Exercise brief = Among the lines below, a stretch begins at the one with "At O'Riley's, karaoke" and ends at the one with "Eine Person verwendet". Repeat that stretch exactly, ends included.

Records provided =
————————

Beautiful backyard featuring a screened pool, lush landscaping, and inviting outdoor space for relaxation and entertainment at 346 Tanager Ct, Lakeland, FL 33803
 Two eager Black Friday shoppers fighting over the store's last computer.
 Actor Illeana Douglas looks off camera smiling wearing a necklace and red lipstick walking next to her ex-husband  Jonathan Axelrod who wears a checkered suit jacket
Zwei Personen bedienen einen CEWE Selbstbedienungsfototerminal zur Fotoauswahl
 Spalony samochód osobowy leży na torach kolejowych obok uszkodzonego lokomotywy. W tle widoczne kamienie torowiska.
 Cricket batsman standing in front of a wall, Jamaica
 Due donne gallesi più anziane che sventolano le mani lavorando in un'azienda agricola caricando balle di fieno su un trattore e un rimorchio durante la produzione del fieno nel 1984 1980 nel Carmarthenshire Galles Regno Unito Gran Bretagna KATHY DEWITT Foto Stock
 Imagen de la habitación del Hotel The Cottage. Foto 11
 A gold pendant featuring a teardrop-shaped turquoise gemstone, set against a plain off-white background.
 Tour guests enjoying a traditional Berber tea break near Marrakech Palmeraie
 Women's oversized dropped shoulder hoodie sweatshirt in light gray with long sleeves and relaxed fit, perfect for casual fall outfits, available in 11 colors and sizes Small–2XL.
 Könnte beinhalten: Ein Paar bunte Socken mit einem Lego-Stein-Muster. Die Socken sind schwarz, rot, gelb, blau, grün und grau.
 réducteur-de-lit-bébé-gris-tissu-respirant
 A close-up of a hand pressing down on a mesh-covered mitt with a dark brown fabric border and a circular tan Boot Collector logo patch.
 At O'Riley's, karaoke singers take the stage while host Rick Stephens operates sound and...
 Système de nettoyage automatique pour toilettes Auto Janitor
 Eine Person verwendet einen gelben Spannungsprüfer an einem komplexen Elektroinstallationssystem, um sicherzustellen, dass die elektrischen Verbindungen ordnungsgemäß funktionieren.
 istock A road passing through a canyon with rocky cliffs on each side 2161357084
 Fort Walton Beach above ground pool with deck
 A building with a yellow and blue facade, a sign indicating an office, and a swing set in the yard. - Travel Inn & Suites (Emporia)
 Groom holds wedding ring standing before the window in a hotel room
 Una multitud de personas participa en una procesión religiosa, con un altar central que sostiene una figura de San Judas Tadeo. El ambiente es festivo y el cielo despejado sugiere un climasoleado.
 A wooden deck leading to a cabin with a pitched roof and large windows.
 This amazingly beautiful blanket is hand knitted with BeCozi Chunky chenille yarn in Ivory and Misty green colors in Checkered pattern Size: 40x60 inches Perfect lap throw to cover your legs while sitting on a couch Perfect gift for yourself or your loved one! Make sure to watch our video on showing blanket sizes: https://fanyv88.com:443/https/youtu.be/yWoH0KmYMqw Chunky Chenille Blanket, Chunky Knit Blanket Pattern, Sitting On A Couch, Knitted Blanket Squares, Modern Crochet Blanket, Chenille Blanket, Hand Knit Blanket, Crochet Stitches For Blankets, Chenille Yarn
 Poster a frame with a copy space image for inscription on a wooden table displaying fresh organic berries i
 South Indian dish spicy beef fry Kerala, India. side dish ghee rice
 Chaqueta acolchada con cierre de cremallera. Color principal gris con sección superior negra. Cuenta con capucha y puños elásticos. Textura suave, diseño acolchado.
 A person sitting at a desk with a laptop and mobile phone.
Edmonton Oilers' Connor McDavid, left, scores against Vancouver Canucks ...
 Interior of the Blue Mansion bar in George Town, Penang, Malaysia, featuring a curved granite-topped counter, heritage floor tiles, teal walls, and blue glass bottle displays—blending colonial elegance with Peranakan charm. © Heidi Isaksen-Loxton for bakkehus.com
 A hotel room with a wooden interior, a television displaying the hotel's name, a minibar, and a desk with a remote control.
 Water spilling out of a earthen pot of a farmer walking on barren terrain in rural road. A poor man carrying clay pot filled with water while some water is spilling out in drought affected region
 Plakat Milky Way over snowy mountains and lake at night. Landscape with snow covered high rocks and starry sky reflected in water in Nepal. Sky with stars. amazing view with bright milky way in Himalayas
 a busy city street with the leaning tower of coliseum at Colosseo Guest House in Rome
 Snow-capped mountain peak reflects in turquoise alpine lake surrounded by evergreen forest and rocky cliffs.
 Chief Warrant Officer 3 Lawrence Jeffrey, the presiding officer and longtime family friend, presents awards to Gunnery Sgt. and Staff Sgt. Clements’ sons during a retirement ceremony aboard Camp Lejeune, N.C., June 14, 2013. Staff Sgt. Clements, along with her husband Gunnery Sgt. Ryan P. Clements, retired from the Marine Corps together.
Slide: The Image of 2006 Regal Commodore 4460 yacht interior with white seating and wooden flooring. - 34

————————

Result of this exercise =
 At O'Riley's, karaoke singers take the stage while host Rick Stephens operates sound and...
 Système de nettoyage automatique pour toilettes Auto Janitor
 Eine Person verwendet einen gelben Spannungsprüfer an einem komplexen Elektroinstallationssystem, um sicherzustellen, dass die elektrischen Verbindungen ordnungsgemäß funktionieren.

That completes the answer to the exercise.